This indicates that the model contains a layer that can't be converted to a model definition the VPU can process. For a list of supported layers see [here](https://docs.openvino.ai/latest/openvino_docs_MO_DG_prepare_model_Supported_Frameworks_Layers.html).
#### Reading audio data fails with "ValueError: Device not found" or "Exception: Azure Ear could not authenticate".
Type in "lsusb". You should see a list of several devices, try to find ID "045e:0673". If this device is not present, unplug and plug in your Azure Audio device again and restart the device. Additionally make sure your device has Internet connectivity during the authentication process. It's also possible that the user you run the command with has no rights to access soundcards. You can check this if you install alsa utils (`sudo yum install alsa-utils`) and then run `aplay -l`. If you see an output like "no soundcards found", add the user you run the script with (e..g the current user `sudo usermod -aG audio $(whoami)`) to the audio group, log out and log in and test again.
#### When running the package in a docker container I get "Exception: Azure Eye could not authenticate" or "Failed to find MX booted device. Retrying..." is running in a loop.
Type "lsusb" and check if "045e:066f" is present. If not, unplug the vision device and plug it in again. If it's visible, check if "03e7:2485" is in the list. If not, the authentication process is not finished. Check if your device has Internet connectivity. Additionally, make sure the container is using the host's network to receive udev events and, mount the /dev path to the container and run in privileged mode (e.g., `docker run --net=host -v /dev:/dev --privileged <imagename>`)
#### When trying to install azure-percept I get "Could not find a version that satisfies the requirement azure-percept".

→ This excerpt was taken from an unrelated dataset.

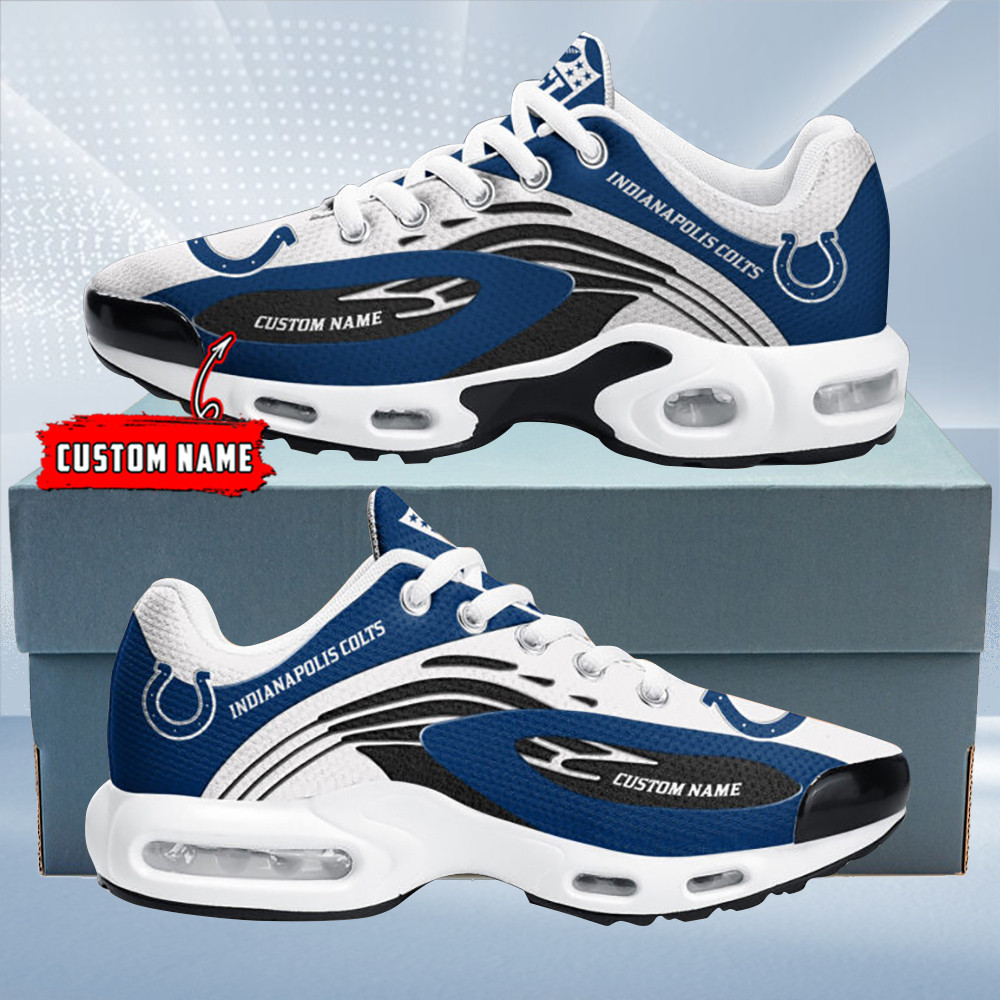 Indianapolis Colts Personalized Name Team Logo Mix Colors Wave Line TN Air Max Shoes Air Cushion Sneakers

Make sure that you install the package on the Azure Percept DK directly and you use a supported Python version (check with `python3 --version`). Also make sure you use a recent version of pip (`python3 -m pip install --upgrade pip`)
## License
This library is licensed under [Apache License Version 2.0](https://github.com/christian-vorhemus/azure-percept-py/blob/main/LICENSE) and uses binaries and scripts from the [OpenVINO toolkit](https://github.com/openvinotoolkit/openvino) which is as well licensed under Apache License Version 2.0.